Porque se trata de uma epopeia, que abarca a vida de duas famílias siberianas ao longe de sessenta anos da história soviética, o texto sobre o filme de Andrei Kontchalovsky teve de ser abordado em duas partes para o não tornar demasiado extenso. É que, como referi no que ontem aqui deixei escrito, «Siberíada» não tem cenas a mais, que permitissem amputá-las nos seus 200 minutos de duração.
No anos 30, Nikolai volta à aldeia natal donde tinha sido expulso por reivindicar a mão da bela Nastya. Que afinal acorrera à sua procura, deixando para trás o primo Flip com quem imaginara poder consorciar-se só para criar maiores ciúmes no namorado.

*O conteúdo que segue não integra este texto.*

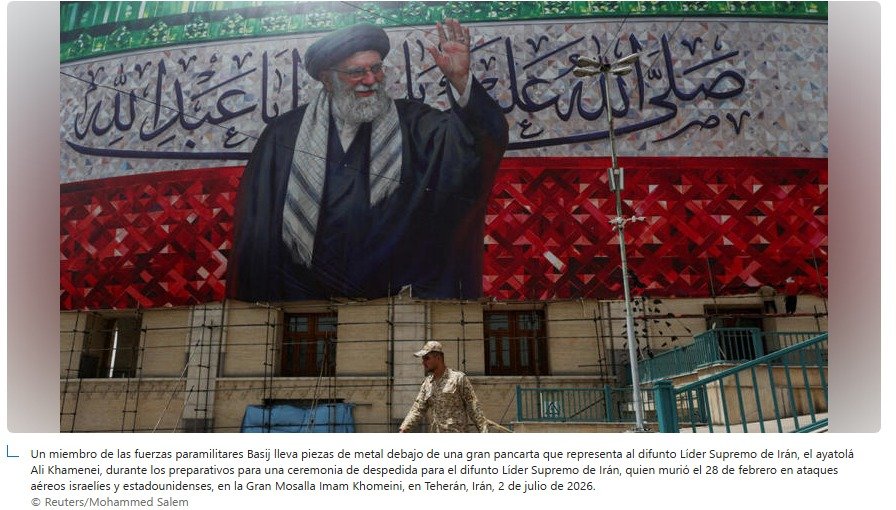 Irán advierte a Estados Unidos e Israel contra ataques antes del funeral de Jamenei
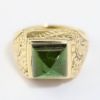 Picture of 14k Yellow Gold Green Tourmaline Ring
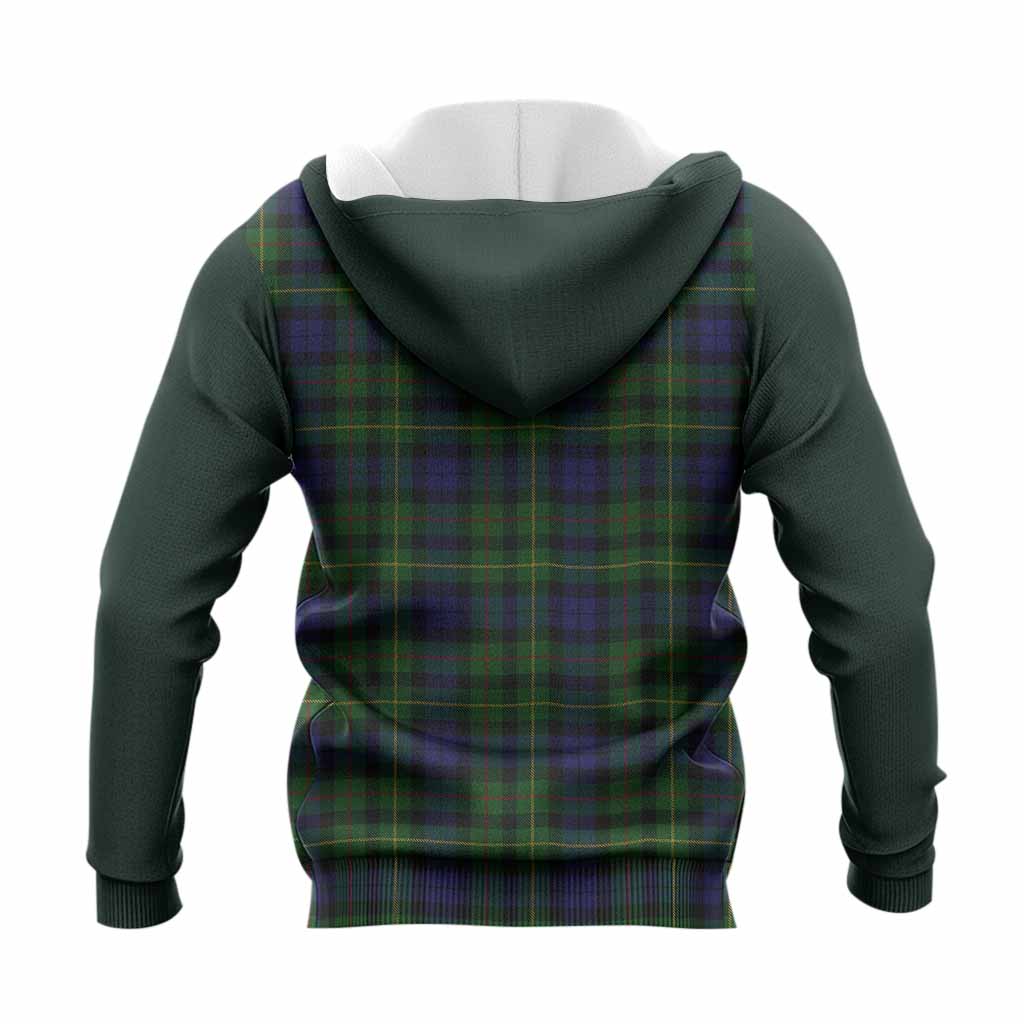 Rollo Tartan Accent Knitted Hoodie with Family Crest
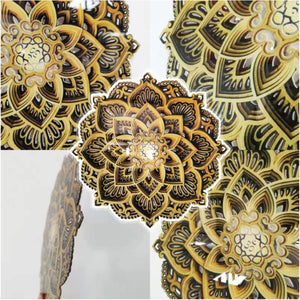 Mandala Wall Light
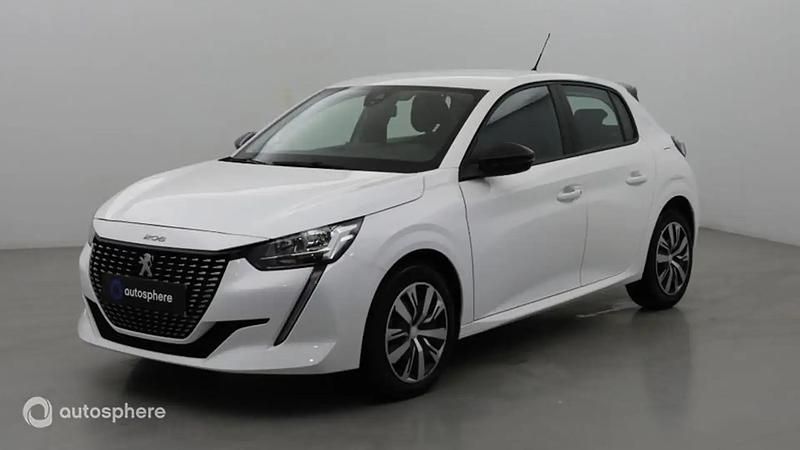 Blanc Utilisé 2023 Peugeot 208 Active Citadine | 15 499 € (Prix juste) - Image 1/4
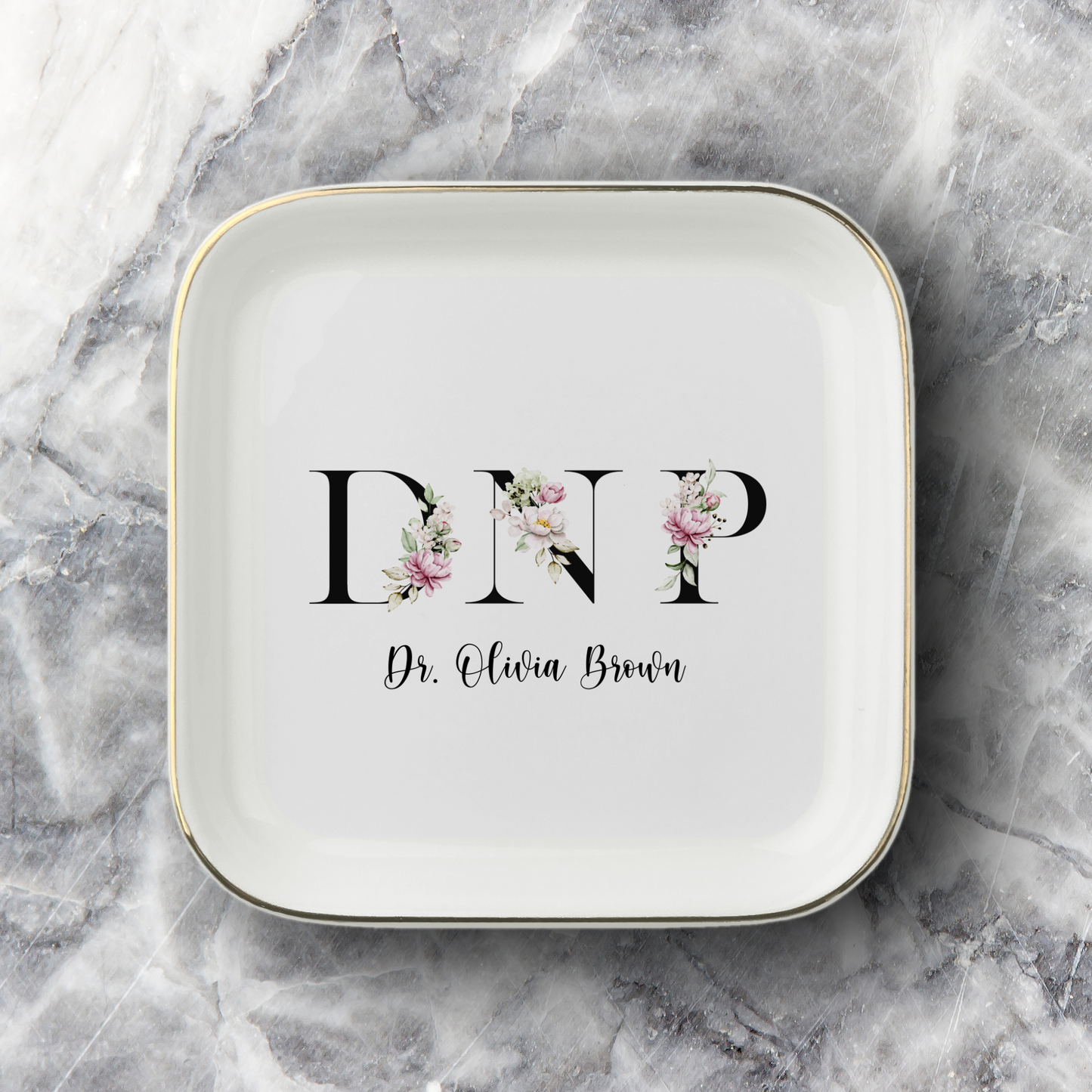 DNP Jewelry Dish, Doctor of Nursing Graduation Gift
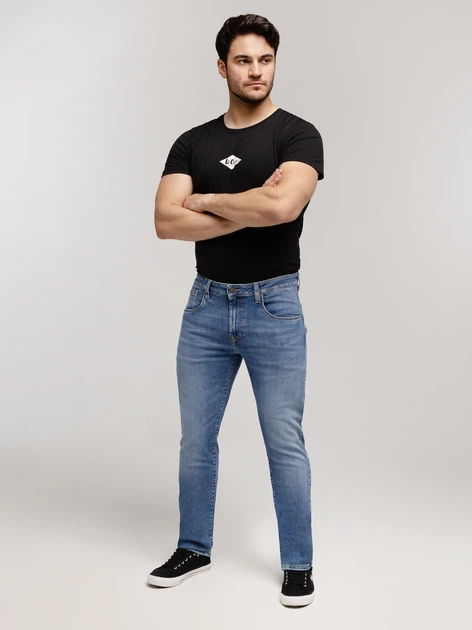 Jeansy slim Fit męskie Lee Cooper Norris-7270 W32L32 Niebieskie (5905991754336) - obraz 5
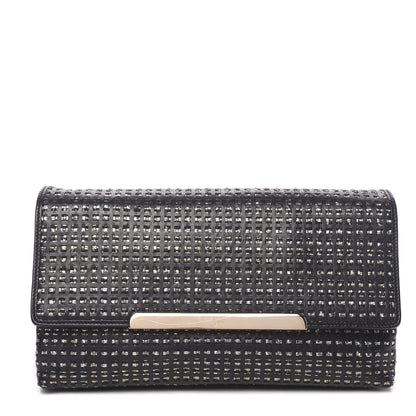 Christian Louboutin Optic Woven Calfskin Rougissime Clutch Black 1 of 10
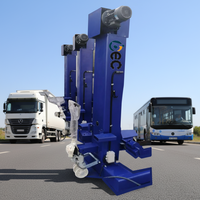 Cric de levage pour bus, cric de réparation de camions, cric de sol électrique avec roues et pieds de chariot élévateur, monté sur véhicule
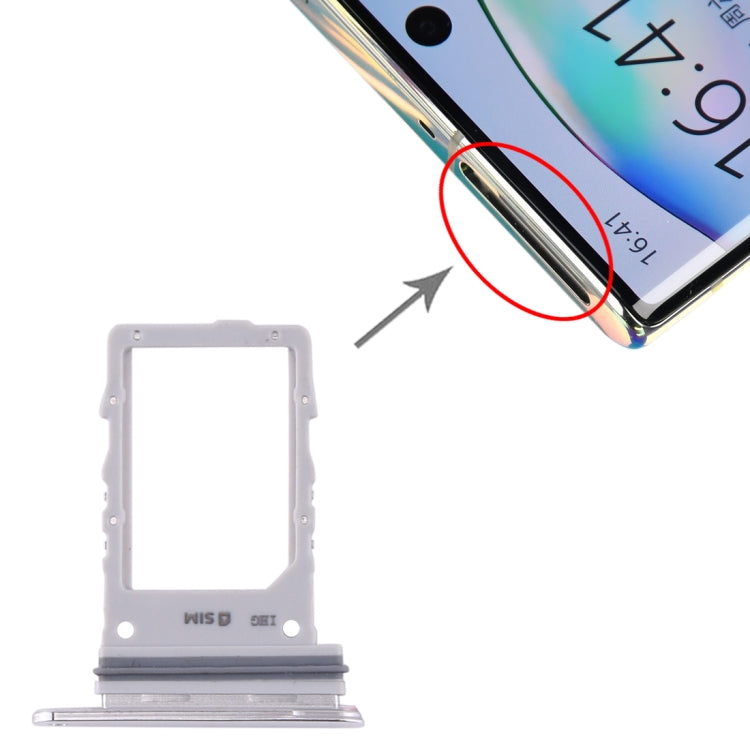 For Samsung Galaxy Note10+ 5G SIM Card Tray (White) - Card Socket by PMC Jewellery | Online Shopping South Africa | PMC Jewellery | Buy Now Pay Later Mobicred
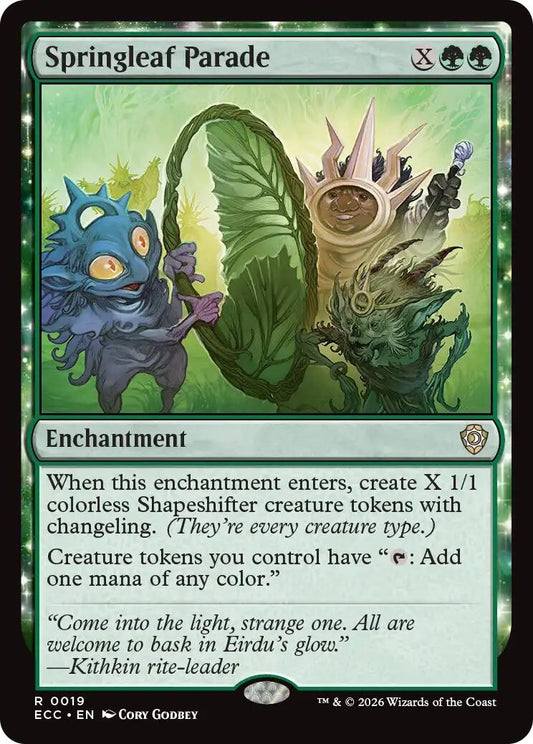 Image for Springleaf Parade (19) (Lorwyn Eclipsed) - Magic: The Gathering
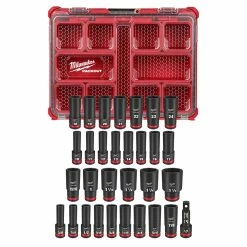 Milwaukee 49-66-6806 SHOCKWAVE 1/2” Impact Duty Socket PACKOUT Set - 31 PC Tools & Equipment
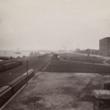 View South of Michigan Avenue from the West Side of the Illinois Central Railroad Tracks; J. W. Taylor, Photograph, ca. 1890 (ichi-20505)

O recém-regressado traz consigo o filho Alexei e a ideologia bolchevique, que o levara a combater intensivamente os cossacos, responsáveis pelo martírio de Nastya. O objetivo, que o guia é a construção da estrada intentada em tempos pelo pai e direcionada para a temível Crina do Diabo, onde julga haver gás natural e petróleo. Mas um dos Solomins, Spiridon, não só escusa-se a colaborar no projeto como até o tenta travar, assassinando Nikolai.
Na década seguinte reencontramos Alexei, já adolescente a regressar à aldeia, fugido do orfanato para procurar Spiridon e vingar a morte do pai. Mas o Velho Eterno informa-o da ausência do assassino, entretanto aprisionado num campo a expiar o seu crime. Com o entusiasmo juvenil de quem descobre o primeiro amor, Alexei namora com Taya, neta do odiado inimigo, e que promete esperar por ele, quando regressar da guerra para a qual se alista como voluntário apesar da sua juventude.
No prólogo do terceiro filme dos quatro, que compõem «Siberíada», vemos um prólogo a preto e branco em que Alexei salva um capitão do exército sem saber de quem se trata. Ora ele é Flip Solomin, o irmão de Spiridon e o frustrado noivo de Nastya. Passa-se rapidamente para os anos sessenta quando Alexei integra uma brigada de perfuradores de petróleo enviados para a região da sua aldeia natal para lhe testar o potencial.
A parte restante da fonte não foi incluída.